Solid Edge versus SolidWorks: Two Different (but similar) Paths to Parasolid

Another fascinating aspect is the parallel development of Intergraph Solid Edge and SolidWorks in the late 90s. Both companies saw the massive potential of the more powerful PCs and the Microsoft Windows NT operating system as ways of breaking into the mid-market space where UNIX machines were just simply too expensive and cumbersome. They would eventually settled on Parasolid for similar reasons, but their journeys from there reveal starkly different corporate cultures and decision-making processes.
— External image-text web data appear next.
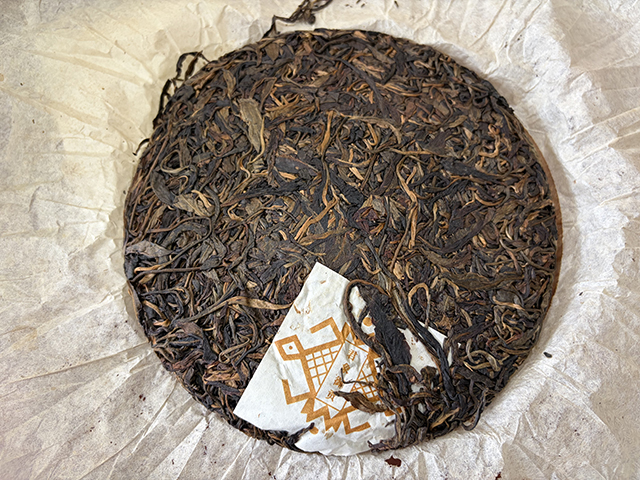 图为郭记茶莊2005年君象御贡蛮砖早春饼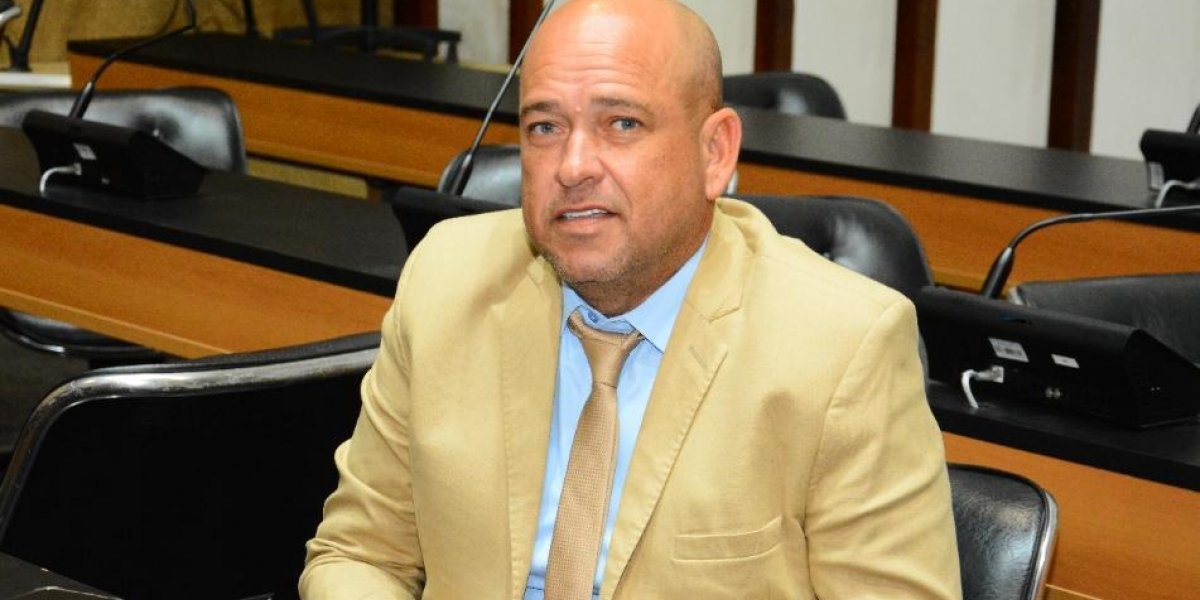 Deputado Binho Galinha se pronuncia após prisão da esposa pela Polícia Federal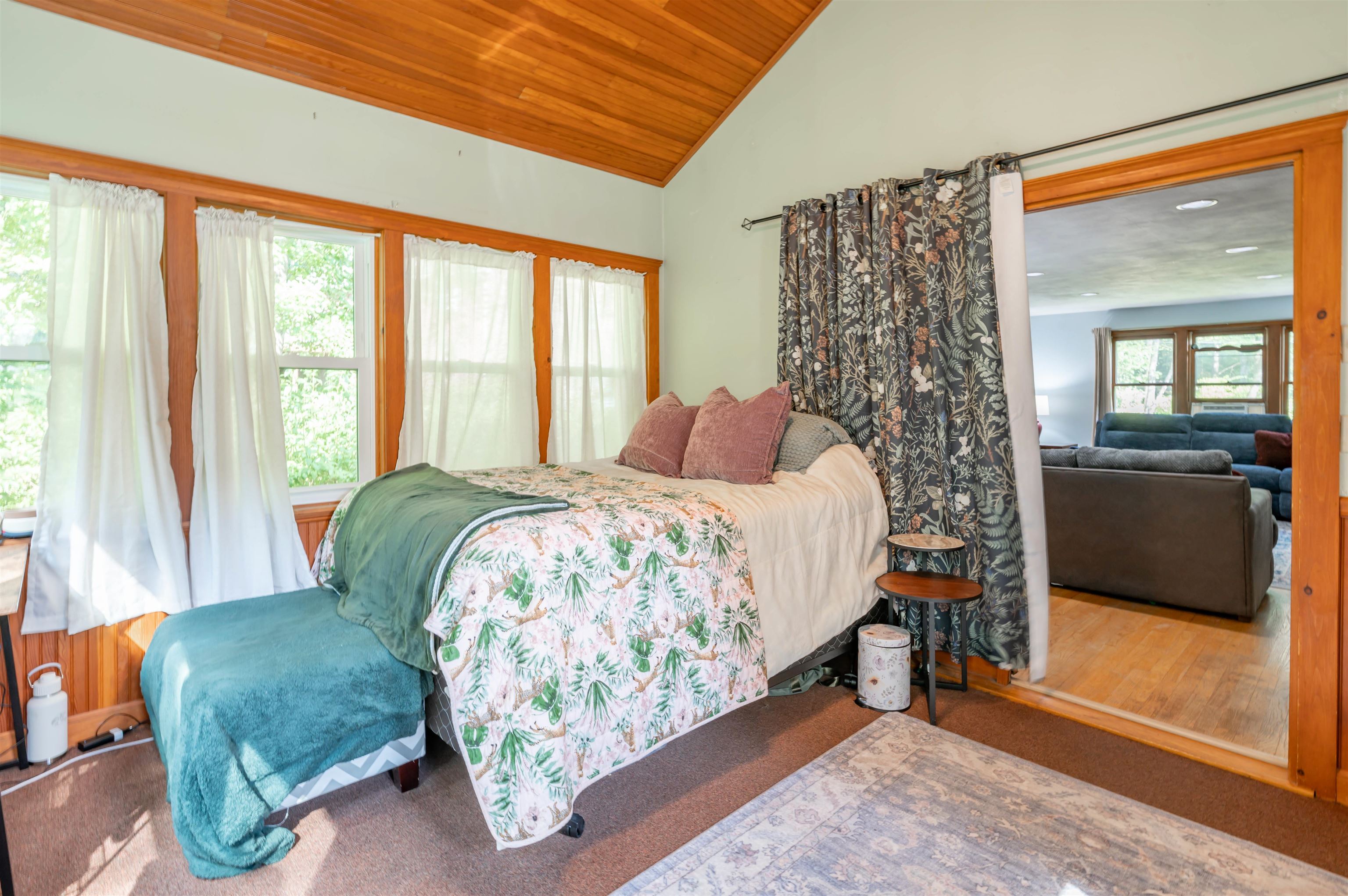 7 Spring Road Londonderry, NH 03053 - Photo 14 of 37 Gallery Image 14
Solid Edge: From ACIS to Parasolid

Intergraph initially launched Solid Edge with the ACIS geometric kernel, developed by Spatial Technology. However, as the product matured, Intergraph's engineering team encountered scalability and adaptability challenges that threatened the platform's future growth. This is how Bill McClure, head of Solid Edge at the time, described the situation to me:

Initially, Solid Edge faced significant performance and reliability issues with some of the key functions of the ACIS kernel.  To address this, I initiated a clandestine "skunkworks" project, known only to myself and three other team members.  We even rented an apartment to work in secret, away from the office.  Our rapid evaluation of Parasolid quickly revealed its superior performance and reliability, solidifying our decision that we needed to switch Solid Edge to Parasolid. While the team continued to work on the Parasolid implementation offsite, I faced a challenging review meeting with the sales management team. The VP of Global Sales was highly concerned about the numerous customer and Application Engineer complaints regarding Solid Edge's modeling problems. The next day, Jim Meadlock (Intergraph CEO) demanded a solution. I revealed our secret project, explaining that our Parasolid implementation showed excellent test results.  I emphasized that switching to Parasolid was crucial for our survival in the Mechanical CAD market. Jim not only endorsed the move but also suggested we broaden our discussions with Unigraphics to explore a potential joint venture. This pivotal decision ultimately led to the acquisition of Intergraph's Mechanical Software Division by Unigraphics Solutions.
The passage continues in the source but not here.